In 1997, the Congress mandated the National Center to create a CyberTipline, a national resource for reporting child sexual exploitation. Since 1998, we’ve handled more than 325,000 reports, resulting in hundreds of arrests and prosecutions; 112,000 reports last year alone.

In 1994, Congress passed the ‘‘Jacob Wetterling Crimes Against Children and Sexually Violent Predators Act.’’ As a result, today all 50 States and the District of Columbia have sex offender registries. This was groundbreaking child protection legislation. However, 11 years later, there are problems in the State programs that we believe thwart the original congressional intent.

Mr. Chairman, you mentioned it in your opening remarks. Today, there are 550,000 registered sex offenders in the United States, but at least 100,000 of those offenders are non-compliant— literally, missing.
Mr. Allen notes two things: In 2005 there are 550,000 registered sex offenders; and, claims 100,000 are missing. First, if there were ZERO registered sex offenders (ignoring California for a minute) before 1994, and now in 2005 there are 550,000, then legislation is doing something and one must assume, states knew what they were doing when they had enacted their individual state laws (Courts will assume lawmakers -in their enactments- are correct and will not second guess lawmakers). Mr Allen's statement seems to take issue with state lawmakers. Second, I'e be hard pressed to believe Mr. Allen is not aware of how the 100,000 number came into being (A series of phone calls made by Parents for Megan's law in 2003), and then was nothing more than a guesstimate based on assumptions made by state telephone calls to people who had no idea how many registered offenders their state had. That story has been documented, see link. Since then (2003), law after law has been enacted based on that erroneous factoid, and is still in use today in 2011; an erroneous number misinforming those in authority!

A great deal of discretion is left to the States—appropriately—in how they implement their registration programs. But the result is that there is a significant lack of consistency and uniformity from State to State. There are loopholes that permit sex offenders to cross State lines and remain undetected. We know that registered sex offenders often forum shop in order to achieve anonymity.

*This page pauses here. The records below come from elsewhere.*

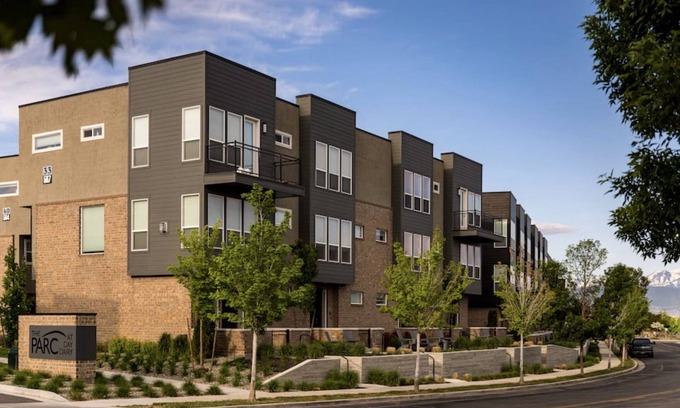Draper Apartment | Charming 1-bedroom apartment with AC, fitness room, WiFi in marvelous Draper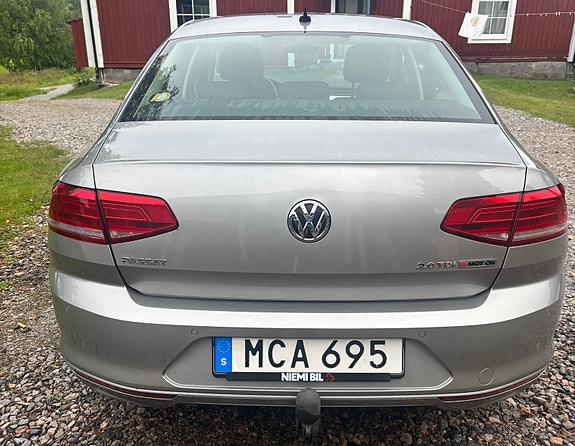 Volkswagen Passat 4 of 6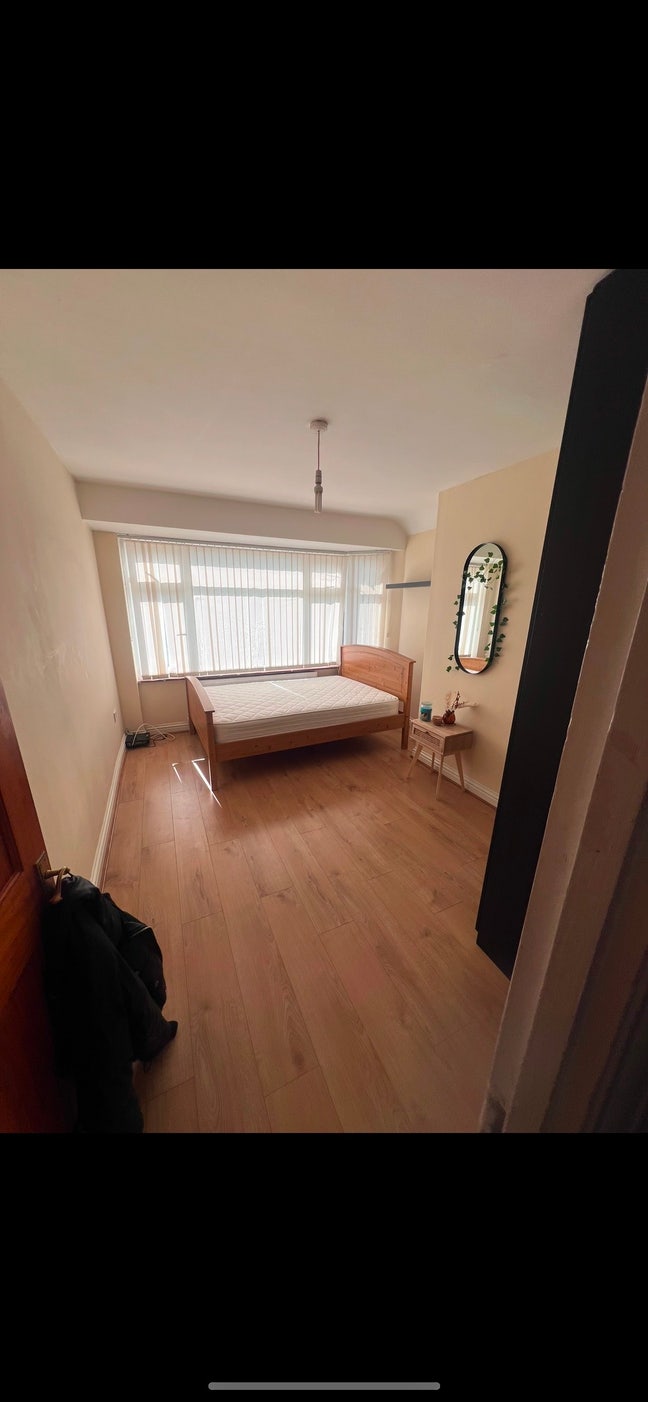 Double room in a well connected area Main Photo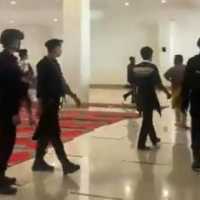 Kapolda Sumbar dan Pengurus Buka Suara Soal Personel Brimob Pakai Sepatu di Masjid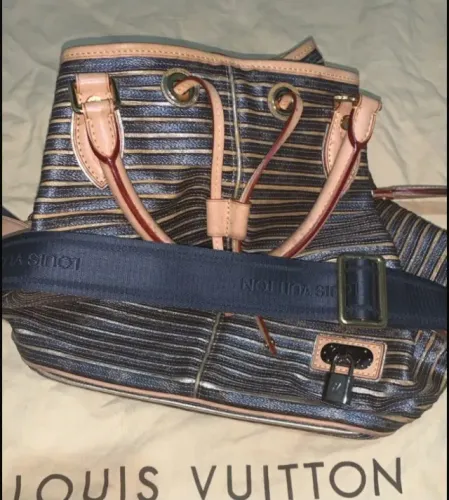Bolsa original, Louis Vuitton.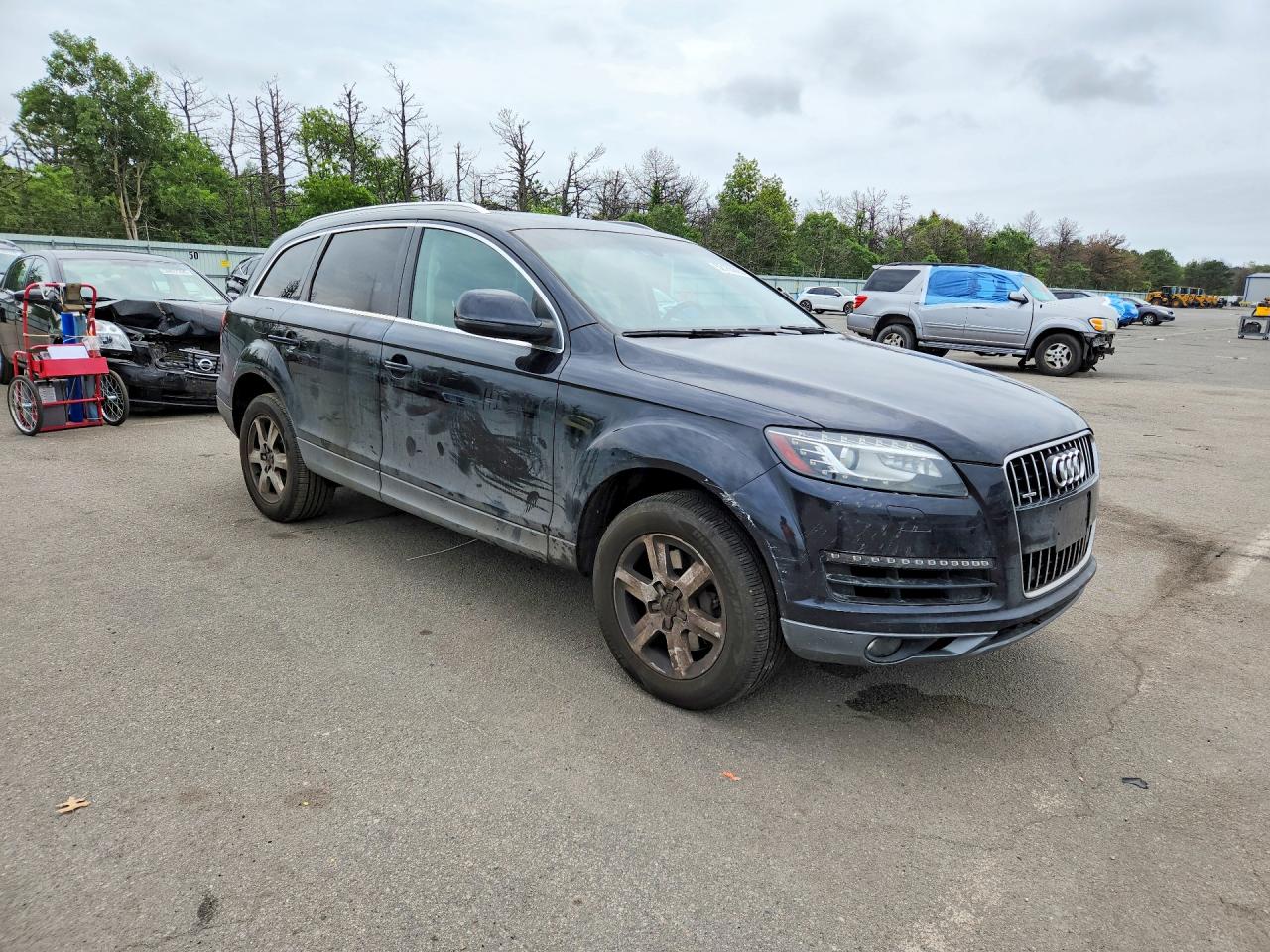 2011 AUDI Q7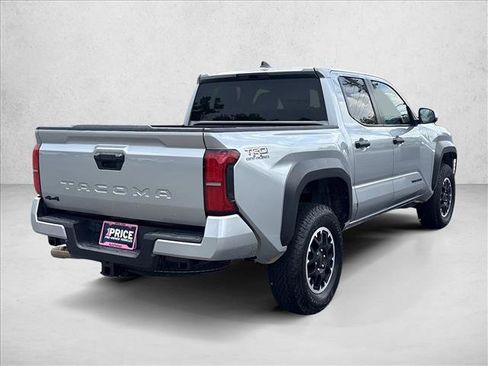 Certified 2025 Toyota Tacoma TRD Off-Road AWD/4WD image 5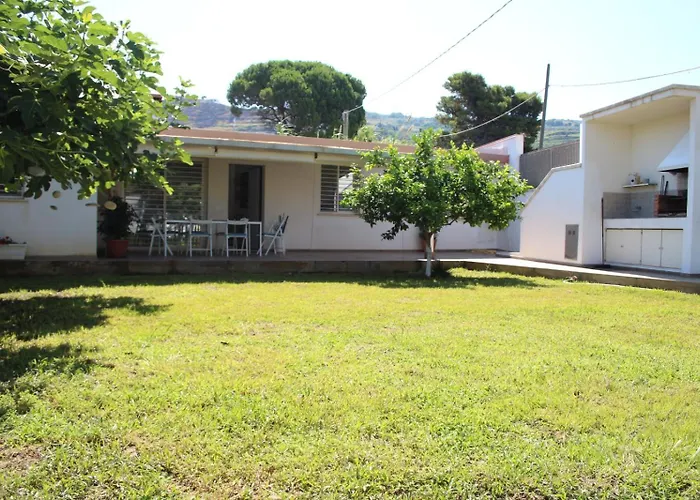 Casa Indipendente A 2 Passi Dal Mare
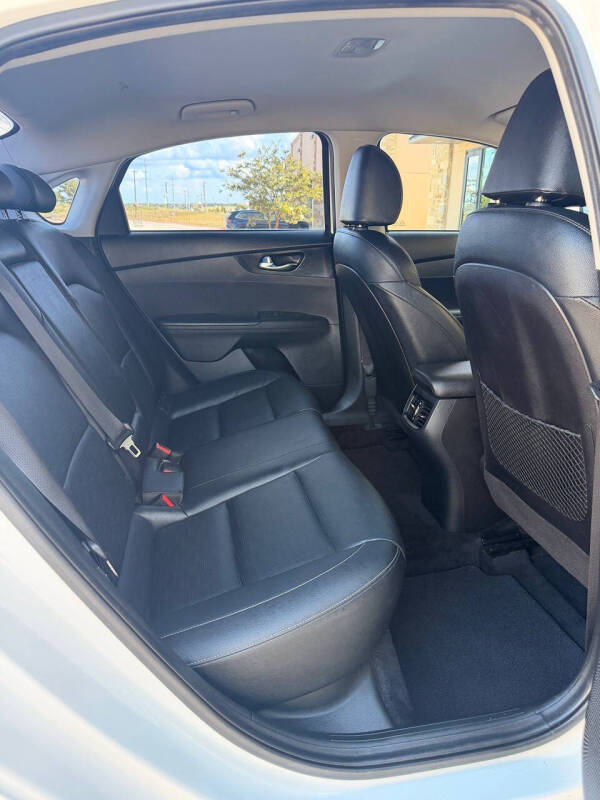 2020 Kia Forte EX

Note: If we were to believe that offenders' forum shop, then there must be a reason for them to do so, that issue is ignored by Congress and State lawmakers and others; anonymity, maybe, but that is to allow them to continue life without further government oppression. Further, if every state has sex offender registration laws, then they also have provisions which show when someone is required to register. So moving from state to state is a non issue because each state's registration laws cover when someone is required to register. There is no reason for federal law to violate the 10th Amendment and to permit second guessing of state lawmakers. Issues with individual states should be taken up with those states, not in violation of the 10th Amendment.

Let me just cite a few examples of the discrepancies we believe exist. In eight States, the burden to notify authorities in the new State to which the offender is moving is solely attached to that offender. So only he has the obligation to tell the State to which he’s moving. In two States, neither the offender nor the State authorities are required to notify authorities in the new State. In another three States, this issue is not even addressed in the law.

There are only five States in which probation and parole must be revoked when an offender fails to comply with registration responsibilities. There are only eight States in which an offender’s probation or parole may be revoked for failure to comply with registration.

In 31 States, the penalty for failure to register is just a misdemeanor. In three States, offenders have more than 10 days to notify authorities when they change their address.
In Weems v US (1910) it was considered "cruel and unusual punishment" for the act committed (a ministerial act) and the case has stood for the premise of excessive punishment for the crime committed, for a long time.

As to the State punishment for failing to register which states have deemed a misdemeanor, it is cruel and unusual for the federal government to come along and demand that states make the punishment a felony across the board; an excessive punishment for a ministerial act. States, when left to their own thinking, may very well chose to punish differently than as forced by the federal law. Further, todate, Failure to Register has been interpreted from "I Refuse" to as simple as "I forgot to sign a form" a ministerial act which the state should have picked up during the registration period. And, in addition, the federal law has a hidden "jurisdictional hook" built in to require such prosecutions, when the issues is FTR across state lines, in federal court which ends with a federal sentence with the Bureau of Prisons, and ultimately a civil commitment hearing and possible lifelong civil commitment. There is nothing more cruel and unusual as this constructive civil commitment procedure, and should be deemed unconstitutional!
We suspect that those who represent the greatest threat to children are also the least likely to be compliant. There are at least 100,000 non-compliant offenders; people like the killer of Jessica Lunsford, who was not where he was supposed to be and whose presence was unknown to police or Jessica’s family, even though he lived 150 yards down the street from her and had worked construction at her elementary school.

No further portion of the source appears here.